All of these advances occurred after the Wikas' third deed of trust was in place and before Hebert took an assignment of the FNBA second deed of trust. Hebert seeks to have these "future advances" added to the mostly undisputed amount owed to him under the terms of the note (i.e., the $126,000 - $135,000± figure). These numbers add up somewhat differently than those provided by Hebert, but the differences are not relevant, given the court's conclusion that they are not future advances which prime the Wikas' third deed of trust.

See, Hebert's Response brief [Docket No. 155, Exhibit E] and Supplement [Docket No. 156-1, Exhibit M].
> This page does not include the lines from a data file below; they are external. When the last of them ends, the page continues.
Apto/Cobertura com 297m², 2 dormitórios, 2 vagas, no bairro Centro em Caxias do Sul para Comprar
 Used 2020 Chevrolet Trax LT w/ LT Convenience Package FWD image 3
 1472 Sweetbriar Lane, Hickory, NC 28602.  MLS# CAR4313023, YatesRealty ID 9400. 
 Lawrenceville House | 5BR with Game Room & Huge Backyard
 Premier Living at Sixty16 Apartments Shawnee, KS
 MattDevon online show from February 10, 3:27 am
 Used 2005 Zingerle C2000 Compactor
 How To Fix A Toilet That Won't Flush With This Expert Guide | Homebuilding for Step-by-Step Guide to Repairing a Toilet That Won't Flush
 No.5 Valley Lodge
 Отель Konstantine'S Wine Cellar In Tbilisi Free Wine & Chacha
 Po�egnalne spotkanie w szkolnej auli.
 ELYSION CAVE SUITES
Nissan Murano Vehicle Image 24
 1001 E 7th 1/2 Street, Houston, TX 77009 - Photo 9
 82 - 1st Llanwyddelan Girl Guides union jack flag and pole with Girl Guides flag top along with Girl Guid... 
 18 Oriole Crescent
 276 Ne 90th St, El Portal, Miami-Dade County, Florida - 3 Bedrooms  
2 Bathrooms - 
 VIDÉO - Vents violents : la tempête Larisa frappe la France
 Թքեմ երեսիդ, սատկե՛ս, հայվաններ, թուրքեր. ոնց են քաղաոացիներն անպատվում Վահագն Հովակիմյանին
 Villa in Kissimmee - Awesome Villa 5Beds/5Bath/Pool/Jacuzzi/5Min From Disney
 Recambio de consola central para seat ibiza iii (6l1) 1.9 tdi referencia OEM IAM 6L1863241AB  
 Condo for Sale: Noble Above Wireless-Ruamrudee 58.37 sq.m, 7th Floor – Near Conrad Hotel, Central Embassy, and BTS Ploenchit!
2.5- The Assignment of the FNBA Second Deed of Trust and the Dragnet Clause- The FNBA second deed of trust on 6613 Brayton Drive was recorded in February 2006. The property was owned by Brayton Investment, LLC, but the deed of trust secured a promissory note in the original amount of $253,000, executed in February 2006 by Suzan McCready, individually. This was, of course, before the March 2008 Wikas' third deed of trust described in Section 2.3 of this memorandum.

See, Hebert's Response brief [Docket No. 155, Exhibits A and B].

Hebert acquired FNBA's second deed of trust and note by assignment; the assignment of the deed of trust was recorded April 7, 2010. This was after he had already made the $1 million plus disputed future advances.

The FNBA second deed of trust contained the following dragnet clause:

CROSS-COLLATERALIZATION. In addition to the Note, this Deed of Trust secures all obligations, debts and liabilities, plus Interest thereon, of either Grantor or Borrower to Lender, or any one or more of them, as well as all claims by Lender against Borrower and Grantor or any one or more of them, whether now existing or hereafter arising, whether related or unrelated to the purpose of the Note, whether voluntary or otherwise, whether due or not due, direct or indirect, determined or undetermined, absolute or contingent, liquidated or unliquidated, whether Borrower or Grantor may be liable individually or jointly with others, whether obligated as guarantor, surety, accommodation party or otherwise, and whether recovery upon such amounts may be or hereafter may become barred by any statute of limitations, and whether the obligation to repay such amounts may be or hereafter may become otherwise unenforceable. [same emphasis added as in Hebert's Response brief]

Hebert's Response. Docket 155, pages 9-10.

The "Lender" is defined in the second deed of trust as FNBA and its successors and assigns. The "Grantor" is Brayton Investment, LLC as it relates to the 6613 Brayton Drive property. The "Borrower" is Suzan McCready.

To show that before April 2010 McCready intended that the FNBA second would be acquired by Hebert and used to collateralize the advances he made or was making in 2008 and 2009, Hebert attached e-mails from McCready to him dated May 6, 2009 and February 24, 2010.In the February 24th e-mail she suggests that Hebert (or, one of his entities) purchase the FNBA second so the financing she was receiving from Hebert would prime the Wikas' third deed of trust:

Hebert's Response. Docket 155, Exhibits K and L.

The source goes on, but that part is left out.